**Dataset records:**
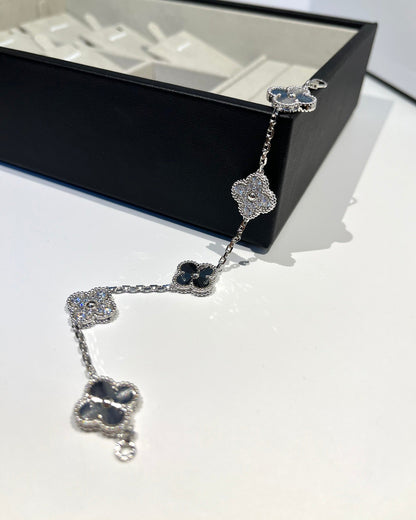 [⭐Seralia] CLOVER 5 MOTIF LASER BRACELET COLLECTION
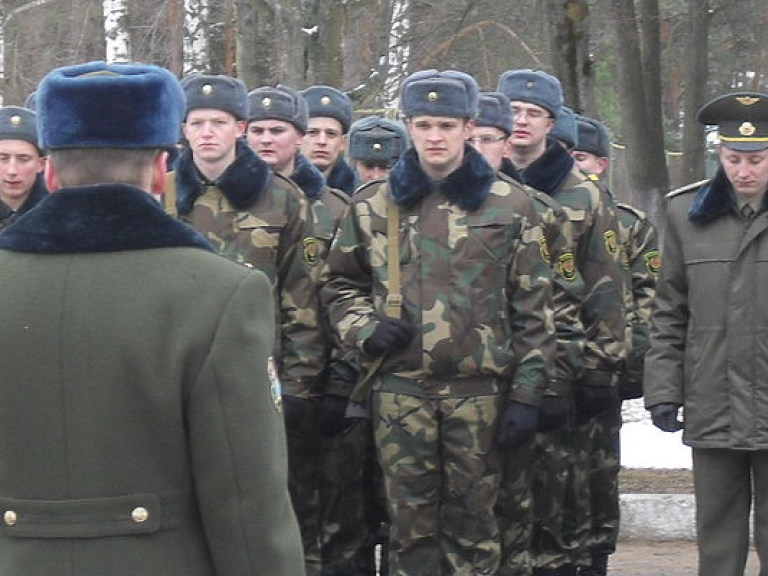 На военных полигонах Беларуси начались масштабные военные учения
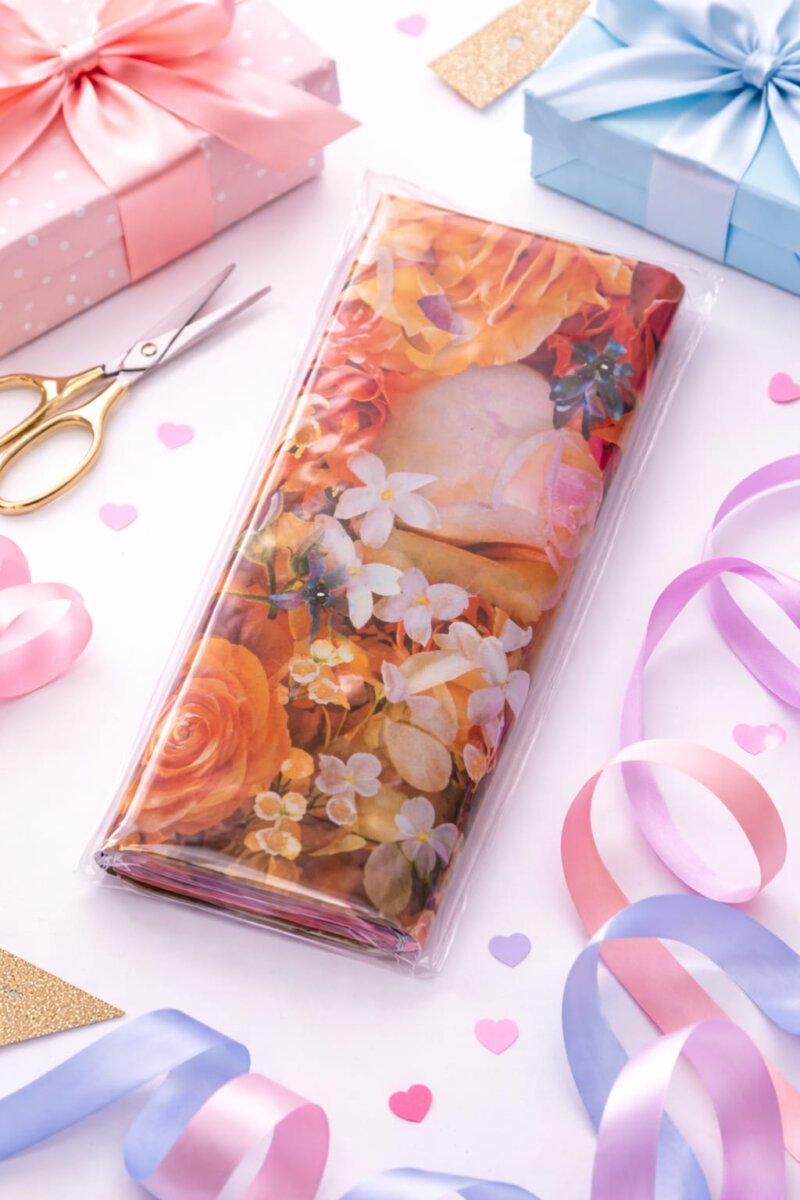 Hartie pentru Impachetat Cadouri 100 x 70 cm, Coala trandafiri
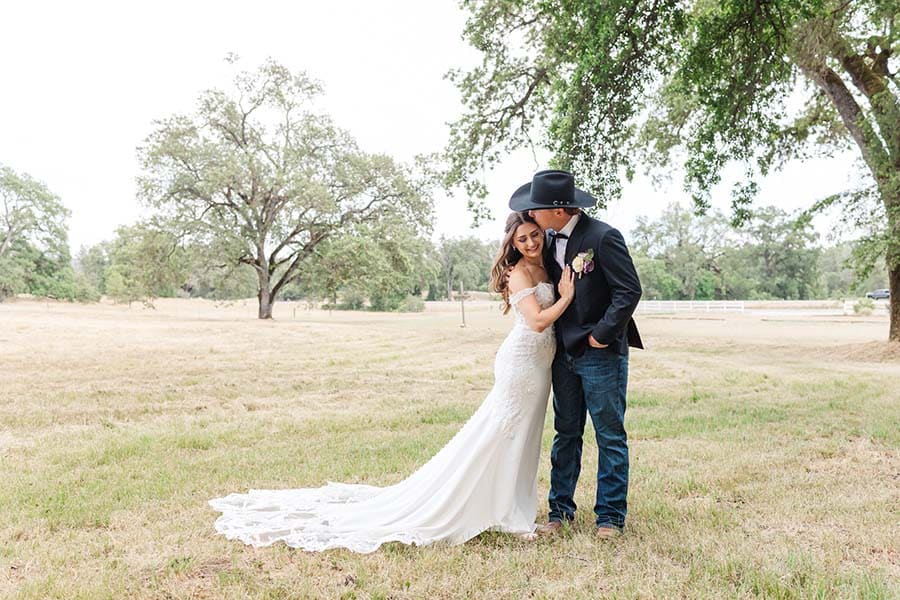 Kelle Pickell Photography -9797_(2048) couple in front pasture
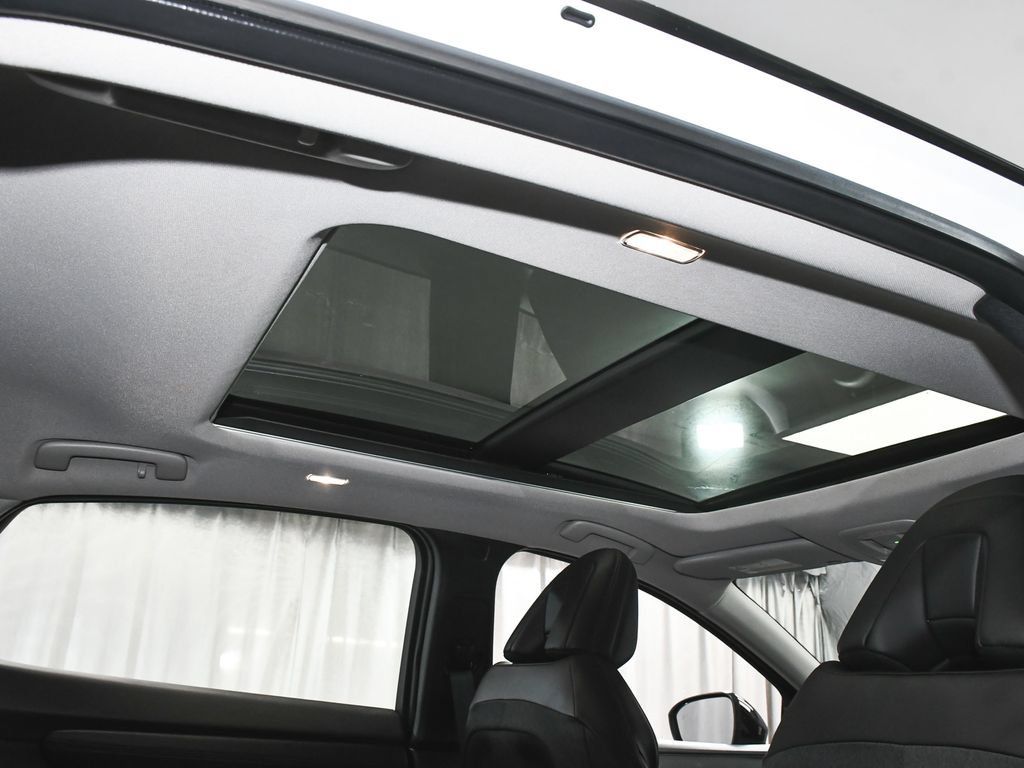 Used 2024 Nissan Ariya AWD image 51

**Work required:**
Pictures are skipped here. Print exactly, and only, the lines from the one holding "Hartie pentru Impachetat" through the final line of the material above, both ends included.

**Answer to the problem:**
 Hartie pentru Impachetat Cadouri 100 x 70 cm, Coala trandafiri
 Kelle Pickell Photography -9797_(2048) couple in front pasture
 Used 2024 Nissan Ariya AWD image 51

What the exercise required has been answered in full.